Pourtant, pour Peter Thiel, milliardaire et allié de Donald Trump, comme de nombreux géants de la tech, cette vision du monde relève d’un véritable projet politique. Il y a dix ans, confronté à une personne comme Thiel qui pense que le changement climatique est un complot fomenté par l’Antéchrist, on aurait pu se contenter de l’ignorer. Mais à présent, à la vue de l’influence qu’il exerce sur la politique américaine, ce choix n’est plus possible.
Dans cette équation sociale, l’entreprise américaine récemment impliqué dans l’intelligence artificielle, Palantir Technologies se propose comme un vecteur technologique de l’idéologie accélérationniste de Thiel, son fondateur. Partenaire de la CIA et de l’armée israélienne, cette société propose un service d’automatisation capable de collecter, d’analyser et d’anticiper les comportements humains à une vitesse inédite. Cette technologie, émergente à partir du spéculatisme financier, représente l’aboutissement d’une rationalité qui confond pouvoir et vitesse, sans égard pour la vie humaine ou animale.
Une solution : ralentir
Dans un monde aux ressources finies, une croissance infinie n’est pas atteignable sans le sacrifice de la justice sociale et du bien-être commun. Heureusement, pour ceux d’entre nous qui refusent d’accepter ce compromis, d’autres visions du monde sont envisageables. Le « buen vivir » (vivre bien) est un modèle économique et social mis en œuvre par plusieurs pays d’Amérique du Sud comme la Bolivie et l’Équateur. Ce projet hybride adapte des principes issus des traditions autochtones, tels que la vie en harmonie avec les cycles naturels, et les institutionnalise sur la base d’une idéologie politique basée sur le droit de la nature. Influente à travers la région, cette alternative non-eurocentrique inspire aussi d’autres mouvements réformateurs dans l’Occident, tels que la théorie économique de la « décroissance ».
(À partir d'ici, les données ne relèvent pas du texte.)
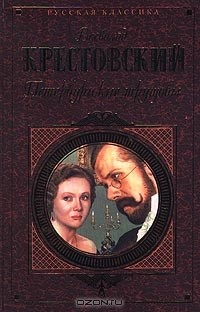 Петербургские трущобы. Том 2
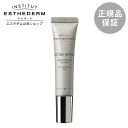 【エステダム 公式】目元用クリーム 目元クリーム クリーム エイジングケア ハリ リペアアイクリーム 15mL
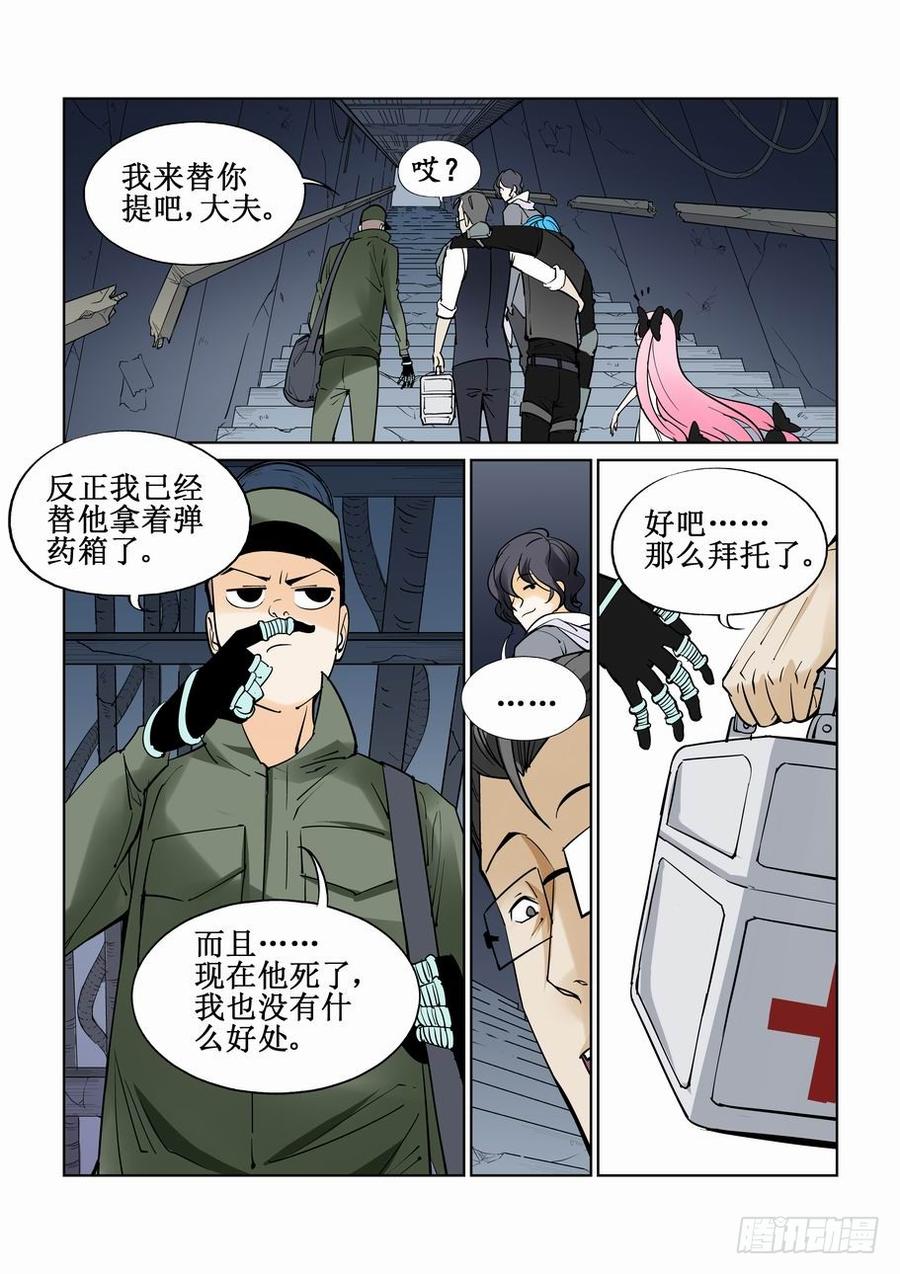 无罪之城小说免费阅读漫画,第四十二话2图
« Dans un monde aux ressources finies, une croissance infinie n’est pas atteignable sans le sacrifice de la justice sociale et du bien-être commun »
Face à la frénésie accélérationniste, ces mouvements nous proposent une autre temporalité, fondée sur l’harmonie, la coopération et l’équilibre. Ces approches nous apprennent que ralentir n’est pas question d’abandonner notre quête du progrès, mais simplement de la redéfinir. Si notre monde a été fondé sur l’accélération, c’est peut être ralentir qui le sauvera.